Die Attacken einer politisch aggressiven und handwerklich perfekten Künstlerin, die sich nicht den gängigen Konventionen des Marktes beugt. Die gefährliche banale Wendung sich nur der Provokation auszuliefern, wird rechtzeitig abgewendet. Den traditionellen Ausdrucksformen einer schönen heilen Welt wird der Garaus gemacht. Das Zusammentreffen von ProtagonistInnen aus verschiedenen Computer- und Animationsspielen formiert im Endspiel eine reductio ad absurdum und versprüht eine vibrierende Energie und dem Cartoon verwandte Vitalität.

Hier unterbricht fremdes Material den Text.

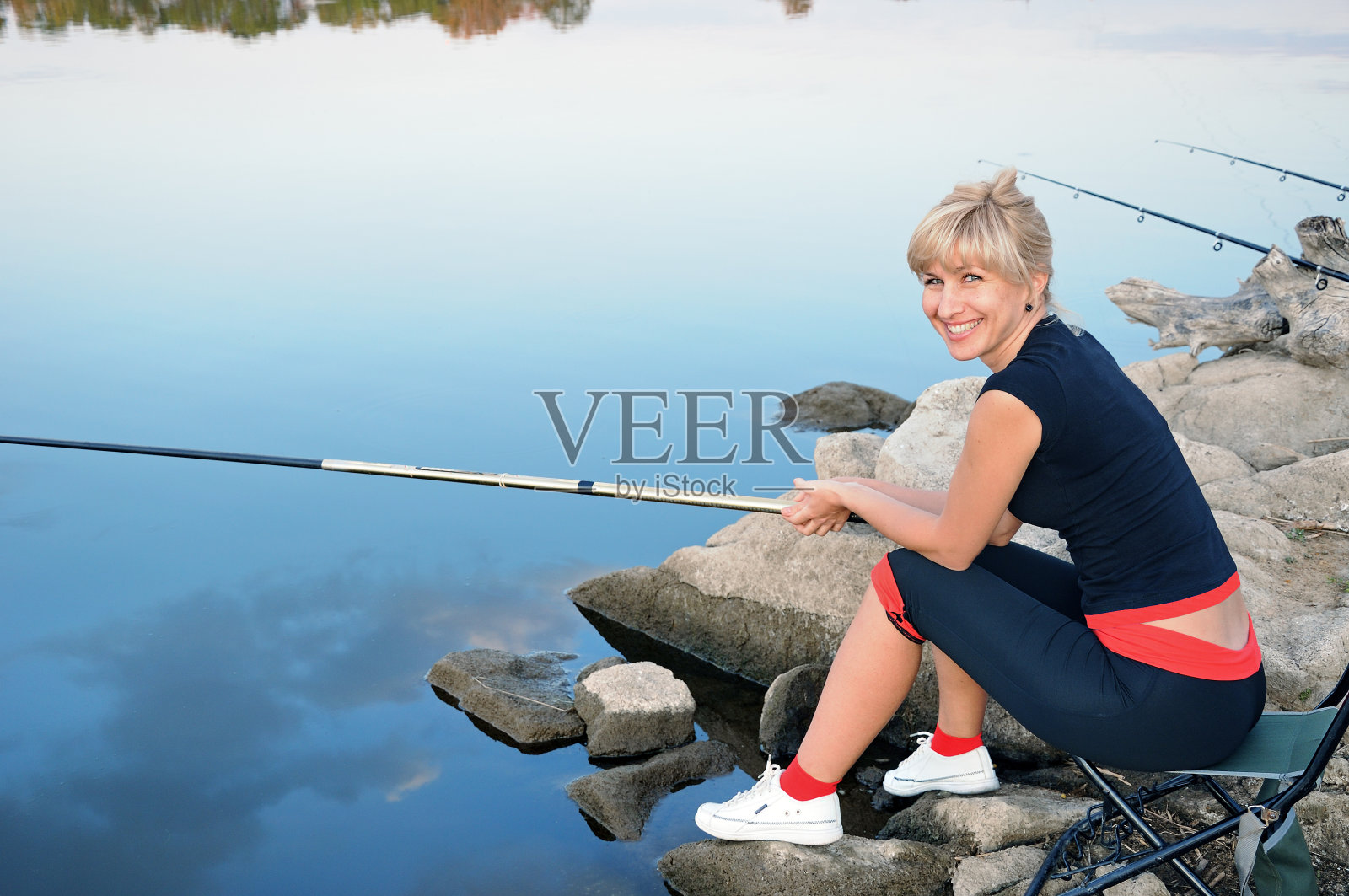 晚上钓鱼照片摄影图片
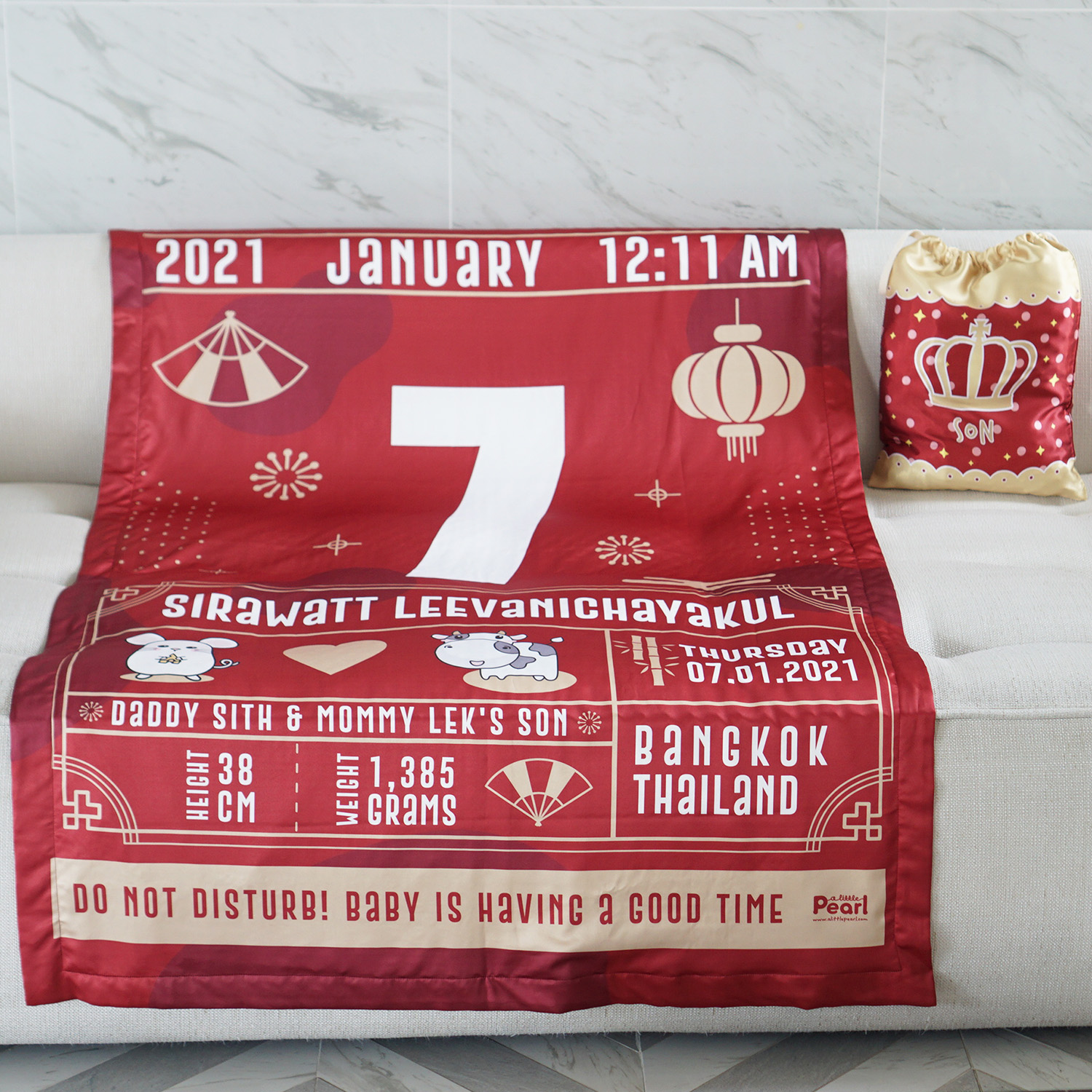 ชุดของขวัญเด็กแรกเกิด ผ้าห่ม ขนาด 100x150cm + ถุงผ้าซาติน ไซส์ L ลาย Chinese Calendar - Cow - Red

Die Bilder von Ellen Semen tragen jene nüchterne Luminösität einer Aufklärung in sich, deren polierte Oberfläche und gleissenden Glanzreflexe in ein absurdes Universum übergleitet. Der explizit inszenierte und fiktionale Charakter des Arrangements verbirgt seinen erzählerischen Humor dort, wo die Inszenierungen der Imagination in den Bereich des Schreckens kippen. So begegnet man einer allegorisch figurativen Malerei, die unter den geschichtlichen Bedingungen einer Repräsentation der Darstellung ikonografische Zeichen des Computerzeitalters schafft. Kein Hinweis auf einen Gesturalismus oder andere offen gestaltete Argumente des Malerischen dringen hervor. Die soziale Präsenz einer zeitgenössischen Ambivalenz eines überpersönlich vorgetragenen Begehrens dringt durch Verfremdungsverfahren und die Gleichbehandlung verschiedener Bildressourcen an die Oberfläche. Ellen Semen fügt ein anonymes Bild der Massenkultur in Kombinationsfelder eines schrillen Aufeinandertrefffens. Unter umgekehrten Vorzeichen wird einer suggestiven Evidenzrhetorik Einhalt geboten.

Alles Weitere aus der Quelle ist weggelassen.